The others who were gay, though, I had no idea. I felt a tad sad that they didn’t feel comfortable telling me, yet I understood.
I go to college, and my next room neighbor, who was gay, was openly hostile to me. I think it was a preemptive strike. Blacks were considered threatening to gay males in 1971, or so I was told. But I had a couple of lesbian friends; in fact, one, Alice, with whom I was once arrested at an antiwar demonstration, was roommates with the Okie for a time before the Okie and I got married.
Alice and I hitchhiked across New York State, trying to get to some friends who had been injured in a fatal car accident. One guy picked us up west of Binghamton, then gave us a lecture about the sins of race-mixing, assuming us to be a couple. I could only imagine what he might have said if he had known of her sexual orientation.
I dropped out of college in 1975 and lived in Binghamton for several months. The Civic Theater was doing a production of Boys in the Band, a 1968 play, but radical for upstate New York. The cast hung out together, and I discovered there was a gay bar in Binghamton; I had no idea. We got to be a tight-knit group for that period.
The review of the production made it sound as though the whole cast was gay, which frankly didn’t bother me, but it upset one of my high school friends, who said to another, “Too bad about Roger!” “What about Roger?” “He’s gay!” “He’s not gay!”
So I have only a smidgen of understanding what it must have been like to be gay in the 1960s and 1970s.

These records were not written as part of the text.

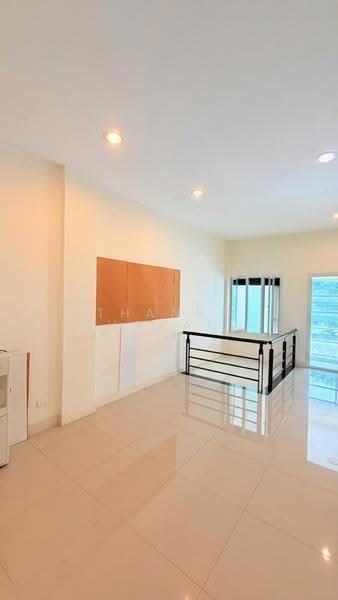 พรีเมี่ยมเพลส เอกมัย-รามอินทรา, กรุงเทพ, สุคนธสวัสดิ์ 38, ลาดพร้าว, กรุงเทพ, 250 ตร.ม., ทาวน์เฮ้าส์ ให้เช่า, โดย Thanya Buakaew, 500561443 - DDproperty.com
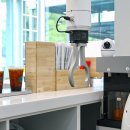 커피 추출의 비밀: 핸드드립 과정 이미지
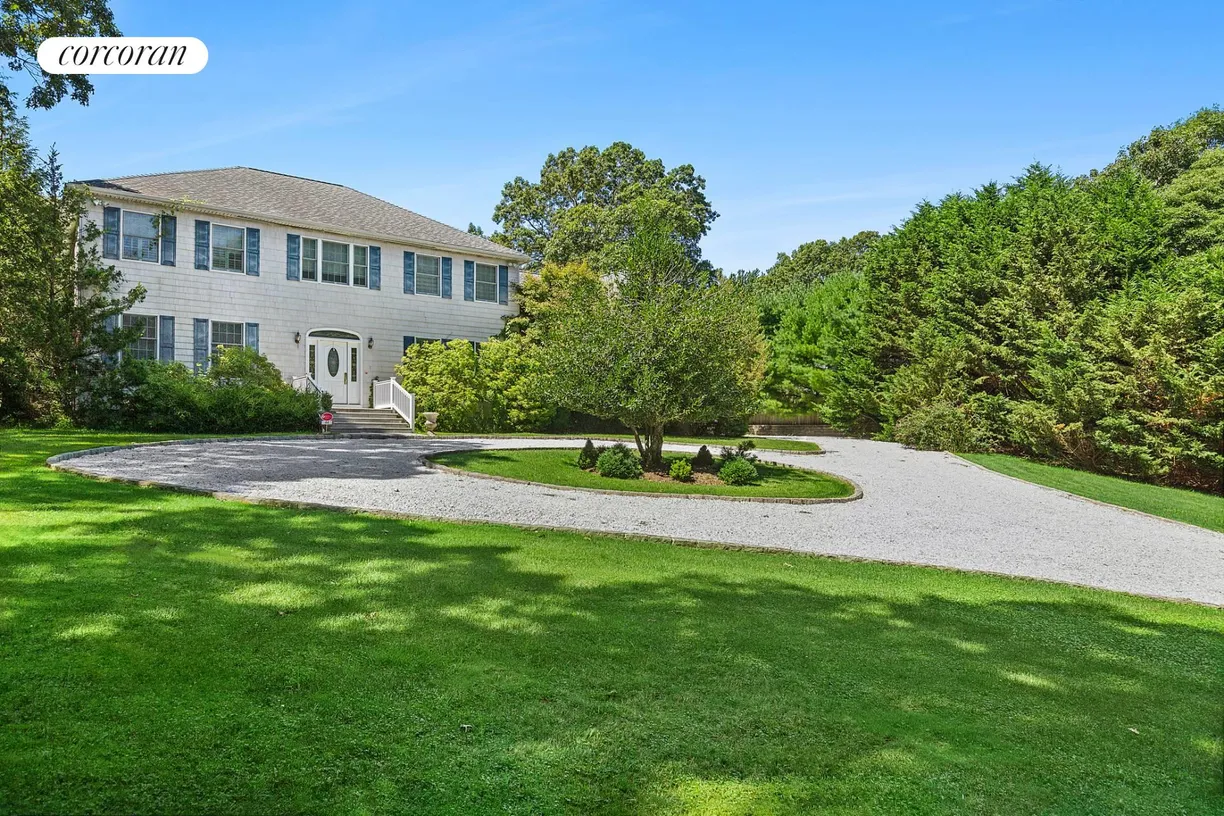 The Hamptons Real Estate | View 44 White Oak Lane | 4 Beds, 4 Baths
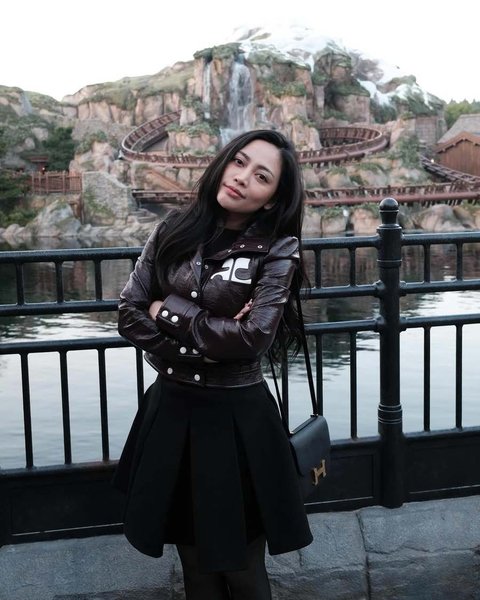 Selain keseruan bareng keluarga, penampilan Rachel Vennya saat liburan pun tak lepas dari perhatian. Meski sudah punya dua anak, Rachel tetap tampil cantik dan stylish bak ABG.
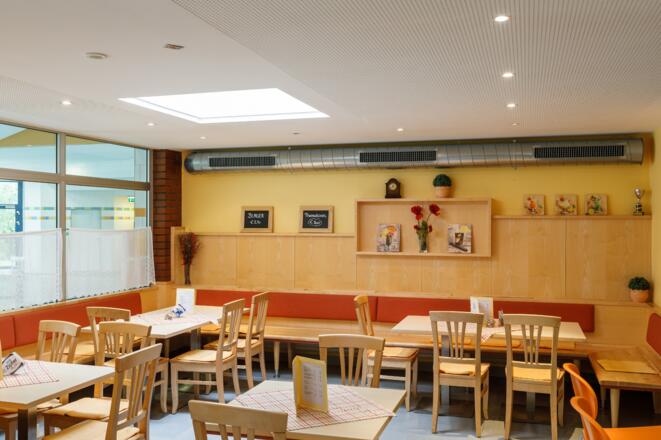 Foto: Anton Eitzinger, Hallenbad Vöcklawelt Essensbereich, Vöcklamarkt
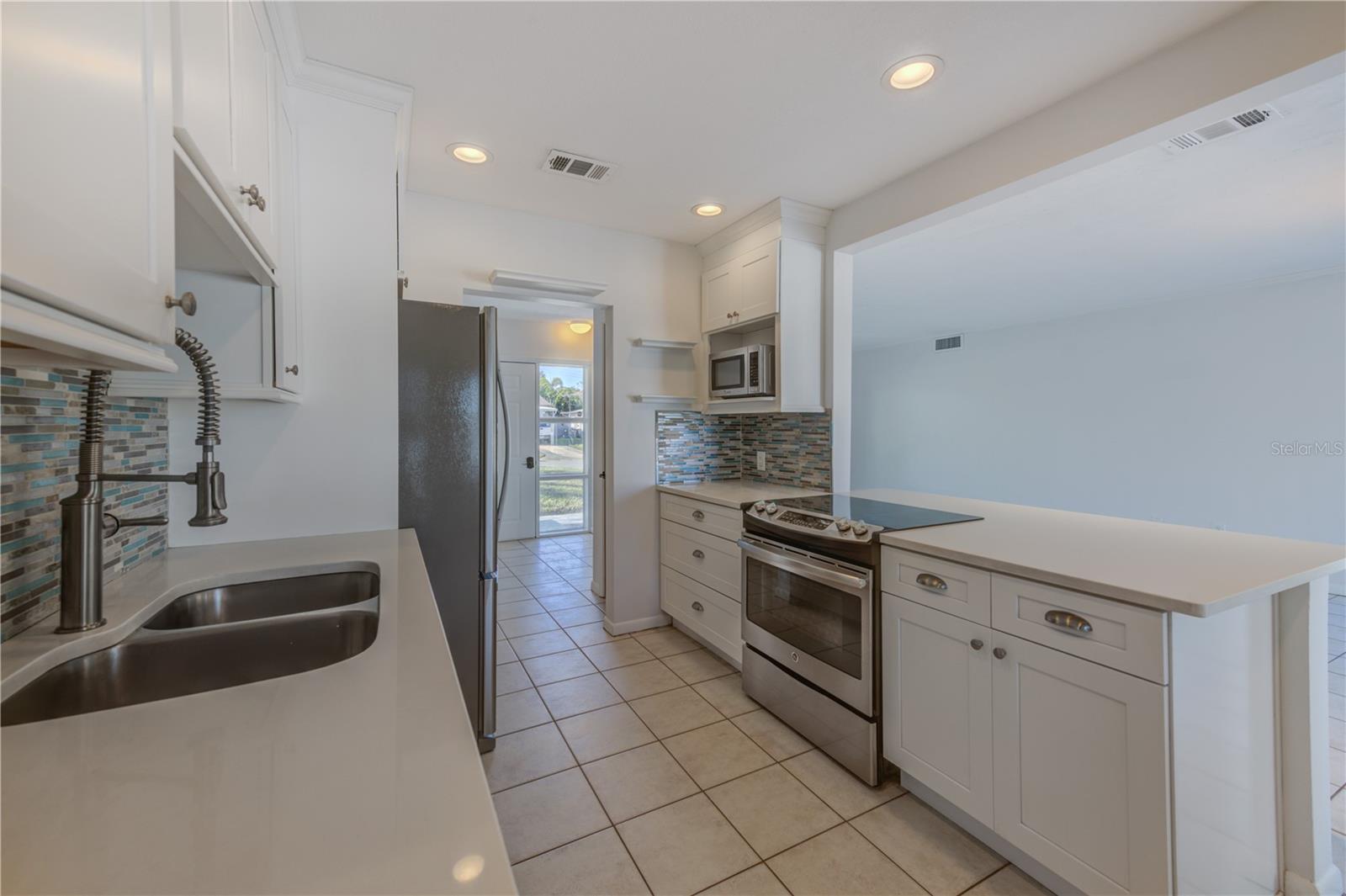 Image 12 of 31 For 149 Pinewood Avenue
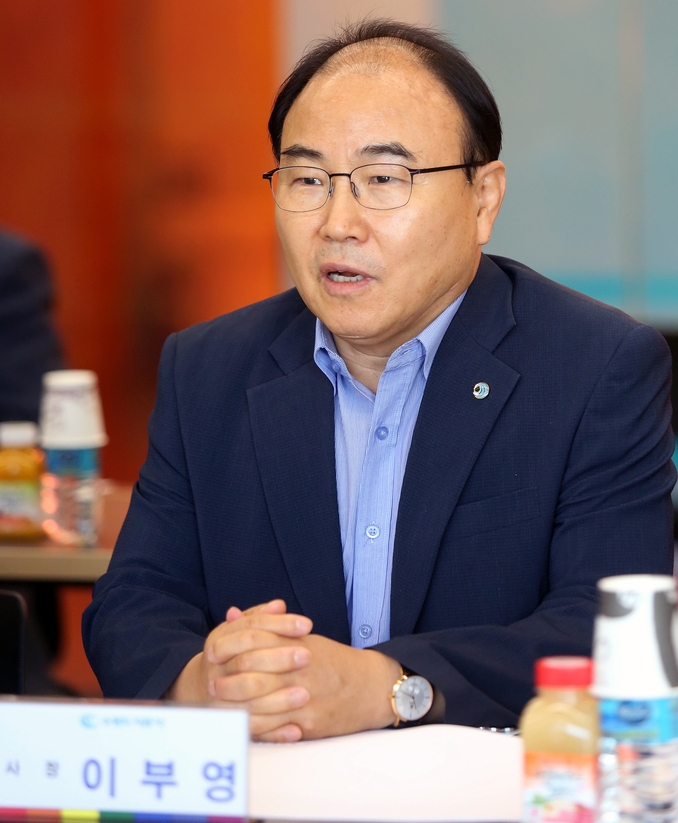 이부영 수원도시공사 사장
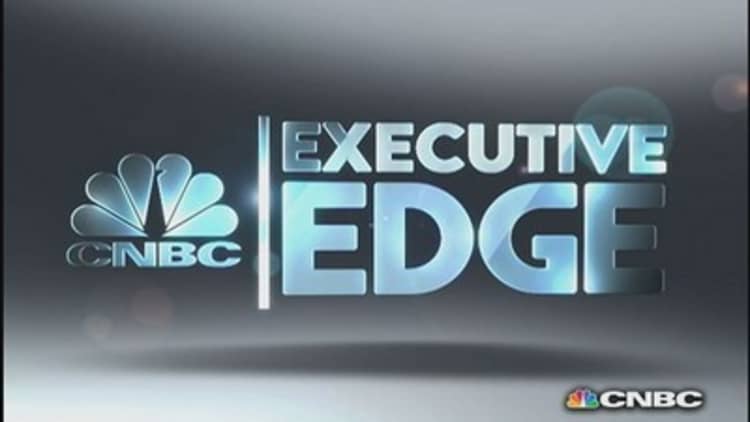 Executive Edge: Deere, Macy's & HPQ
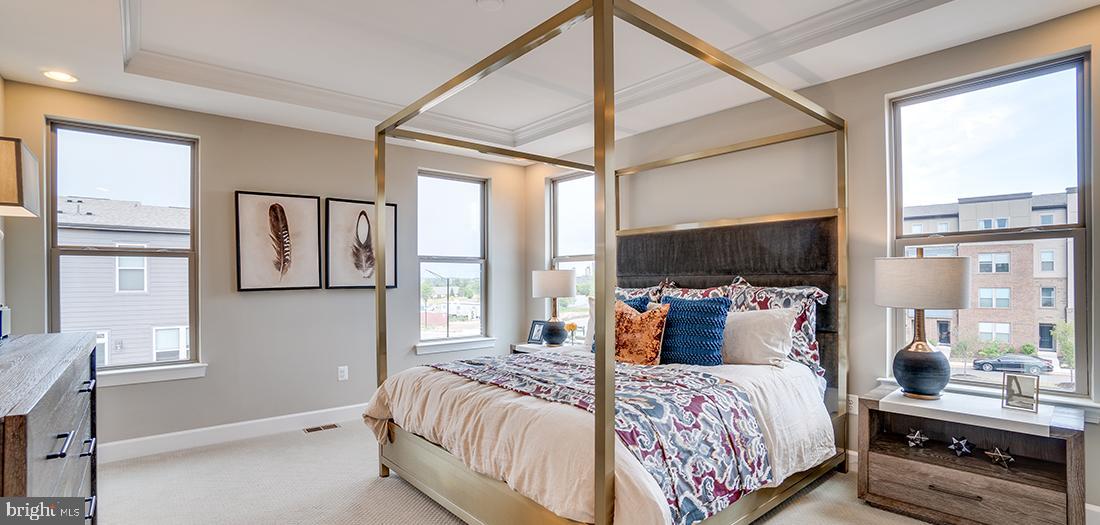 POTOMAC SHORES - Residential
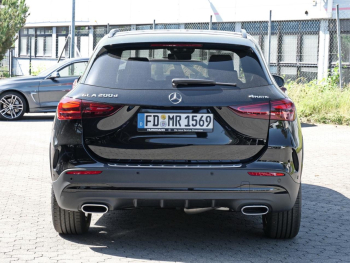 Mercedes-Benz GLA 200 d 4MATIC AMG Night Distronic Panorama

Because gays weren’t invented until 1969, or so you were supposed to believe. And it was only a handful of “them” so it was somehow OK to discriminate against gays, threaten them, use terms about them as barbs even against people who were not gay. And AIDS was “God’s scourge” against gays, though there were plenty of straight people getting the disease too.
So how we went from having a whole lot of closeted gay folks, for understandable reasons, to legal marriage for gay people in about a dozen and a half states in the last decade or two is remarkable. I was in a discussion with a blogger who is gay (not Arthur) back in 2006 or 2007, and he didn’t think the issue of marriage equality was that big a deal, quite probably because he had had a bad breakup. But marriage IS a big deal. It’s a fundamental ceremony of society. The POPE is considering the acceptance of civil unions, for crying out loud. Oh, here’s a joke about marriage equality that I actually found to be clever.
Rewatched the Oprah Winfrey Show episode recently in which Ellen Degeneres talked about coming out in 1997, and I was reminded how it was a BFD. Now she’s a popular talk show host, Oscars host, Twitter breaker, and dancing fool.
I think this article about Fred Phelps is true. When the hatemonger first started his picketing, few opposed his poison. But over time, the crowds against the Westboro Baptist Church grew and grew, people standing up and saying we’re not all like that. This is why I say, all the time because I’m a boring guy, that gays need straight allies in the struggle for equality, just as blacks need whites, etc. The “gay agenda” I keep reading about, a lot, is the very freedom everyone wants.